I've noticed that the flat sits around 10-15degF higher than the point throughout the cooking process. I use a Thermopen and take a bunch of temps all over the point and flat when I'm monitoring the temperatures.

So my question is:

Do you use the temperature of the point or the flat as the temperature guide to the stall/wrapping/doneness etc? or do you take an average? or do you take a single temp in the middle of the meat?

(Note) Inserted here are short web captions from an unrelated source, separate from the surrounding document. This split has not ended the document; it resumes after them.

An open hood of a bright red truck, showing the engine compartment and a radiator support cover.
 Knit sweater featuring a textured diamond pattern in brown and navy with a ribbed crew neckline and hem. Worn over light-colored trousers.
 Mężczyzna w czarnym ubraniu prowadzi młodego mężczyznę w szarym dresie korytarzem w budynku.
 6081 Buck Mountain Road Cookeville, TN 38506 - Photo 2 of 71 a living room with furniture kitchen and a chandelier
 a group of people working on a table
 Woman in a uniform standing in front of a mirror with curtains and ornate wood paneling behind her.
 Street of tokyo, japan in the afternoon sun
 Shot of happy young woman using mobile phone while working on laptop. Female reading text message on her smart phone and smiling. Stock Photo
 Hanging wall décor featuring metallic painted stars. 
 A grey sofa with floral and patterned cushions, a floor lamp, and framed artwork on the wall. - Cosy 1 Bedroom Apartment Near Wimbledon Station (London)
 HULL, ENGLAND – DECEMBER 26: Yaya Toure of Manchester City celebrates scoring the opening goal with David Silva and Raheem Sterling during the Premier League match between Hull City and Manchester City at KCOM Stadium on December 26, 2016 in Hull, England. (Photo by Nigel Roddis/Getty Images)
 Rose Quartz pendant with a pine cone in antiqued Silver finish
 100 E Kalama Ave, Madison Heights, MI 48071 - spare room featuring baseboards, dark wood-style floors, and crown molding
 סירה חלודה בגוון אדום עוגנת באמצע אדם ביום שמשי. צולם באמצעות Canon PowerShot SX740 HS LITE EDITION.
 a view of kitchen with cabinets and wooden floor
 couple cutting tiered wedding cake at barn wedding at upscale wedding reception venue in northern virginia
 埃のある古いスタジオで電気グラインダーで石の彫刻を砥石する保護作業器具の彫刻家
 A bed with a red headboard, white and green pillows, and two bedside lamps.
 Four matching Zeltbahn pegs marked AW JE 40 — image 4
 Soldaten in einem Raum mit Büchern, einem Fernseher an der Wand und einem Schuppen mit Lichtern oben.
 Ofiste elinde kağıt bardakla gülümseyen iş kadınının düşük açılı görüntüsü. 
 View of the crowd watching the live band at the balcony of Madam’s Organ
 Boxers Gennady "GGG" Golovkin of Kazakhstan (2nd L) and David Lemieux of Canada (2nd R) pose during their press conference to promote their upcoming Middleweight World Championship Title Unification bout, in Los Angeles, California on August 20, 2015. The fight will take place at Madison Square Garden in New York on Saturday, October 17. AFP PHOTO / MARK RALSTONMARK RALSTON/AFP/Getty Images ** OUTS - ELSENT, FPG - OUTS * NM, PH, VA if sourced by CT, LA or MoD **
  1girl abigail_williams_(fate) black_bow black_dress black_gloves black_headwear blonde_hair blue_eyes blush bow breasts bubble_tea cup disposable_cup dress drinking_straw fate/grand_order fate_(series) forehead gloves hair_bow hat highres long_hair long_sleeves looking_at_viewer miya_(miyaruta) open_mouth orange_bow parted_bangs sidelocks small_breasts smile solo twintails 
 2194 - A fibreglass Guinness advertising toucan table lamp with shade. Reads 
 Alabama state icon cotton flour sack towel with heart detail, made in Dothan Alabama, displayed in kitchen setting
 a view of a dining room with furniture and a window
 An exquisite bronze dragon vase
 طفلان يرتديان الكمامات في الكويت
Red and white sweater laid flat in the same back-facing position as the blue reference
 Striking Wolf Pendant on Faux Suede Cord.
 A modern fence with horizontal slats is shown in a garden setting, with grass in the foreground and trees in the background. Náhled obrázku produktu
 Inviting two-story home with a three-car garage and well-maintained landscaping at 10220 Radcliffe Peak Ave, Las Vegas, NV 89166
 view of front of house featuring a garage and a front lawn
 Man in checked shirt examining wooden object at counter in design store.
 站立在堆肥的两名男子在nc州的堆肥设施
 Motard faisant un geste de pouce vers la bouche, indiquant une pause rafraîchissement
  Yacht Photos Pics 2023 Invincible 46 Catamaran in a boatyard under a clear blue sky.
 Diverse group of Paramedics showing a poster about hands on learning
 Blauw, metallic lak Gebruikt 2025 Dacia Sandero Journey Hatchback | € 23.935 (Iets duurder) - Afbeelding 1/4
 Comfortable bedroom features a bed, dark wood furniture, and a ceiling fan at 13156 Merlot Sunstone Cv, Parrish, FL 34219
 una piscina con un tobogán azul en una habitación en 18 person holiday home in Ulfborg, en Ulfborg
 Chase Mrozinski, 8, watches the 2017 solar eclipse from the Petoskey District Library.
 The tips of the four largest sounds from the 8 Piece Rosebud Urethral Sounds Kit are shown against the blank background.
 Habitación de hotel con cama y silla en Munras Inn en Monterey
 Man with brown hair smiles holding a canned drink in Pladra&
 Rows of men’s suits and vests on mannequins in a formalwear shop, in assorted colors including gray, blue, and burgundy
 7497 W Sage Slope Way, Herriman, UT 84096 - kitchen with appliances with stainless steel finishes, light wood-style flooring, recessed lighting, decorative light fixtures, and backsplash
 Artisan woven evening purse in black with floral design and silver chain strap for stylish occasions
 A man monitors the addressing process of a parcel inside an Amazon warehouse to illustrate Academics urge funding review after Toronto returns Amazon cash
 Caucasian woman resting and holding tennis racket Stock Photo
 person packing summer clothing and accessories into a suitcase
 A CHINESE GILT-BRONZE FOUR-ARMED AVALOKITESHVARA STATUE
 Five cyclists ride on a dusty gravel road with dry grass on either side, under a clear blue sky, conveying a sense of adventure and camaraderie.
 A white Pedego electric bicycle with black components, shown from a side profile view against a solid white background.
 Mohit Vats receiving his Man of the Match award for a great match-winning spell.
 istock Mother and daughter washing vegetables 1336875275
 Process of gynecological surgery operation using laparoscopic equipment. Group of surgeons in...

i use the toothpick test as well as the temp for doneness. I'm not experienced enough to go purely by feel for doneness yet.

This is my gear:

MES 40"

AMNPS 5x8" pellet smoker

Oak pellets

Thermopen for temperature checking.

Rub for Brisket: 50/50 Salt & Pepper.

Foil to wrap and rest.

I cook everything at 250F (ribs, brisket, pork butt, chicken, sausage etc): the logic being that one day when i do a full BBQ cook up i can cook a whole range of meats at once with their required cooking times.

Cheers

Bear


----------



## bdskelly (Jul 18, 2015)

Hello Bear

I put my probe in the thick part of the flat where it meets the point.  I believe the area to be a good area for an average temp. B













photo.JPG



__ bdskelly
__ Aug 17, 2014


----------



## jcbigler (Jul 18, 2015)

I usually check in the middle of the point, and the middle of the flat. The point will sometimes cook faster as the meat is not quite as dense there and has more fat in it which cooks faster. But I also cook mine with the point facing the firebox end of the smoker, so it's closer to the heat source as well.

I would avoid doing a bunch of poking on the brisket. I take one temp reading about half wat through when I wrap, and then another when I take it out.


----------



## bear36 (Jul 18, 2015)

Thanks for the replies B & JC. 

yeah I'm still in that experimental phase so any advice i get i'll try. 

good point on the excessive poking around JC, I think as I get more confident and familiar with the process the less poking i'll be doing!

cheers

Bear


----------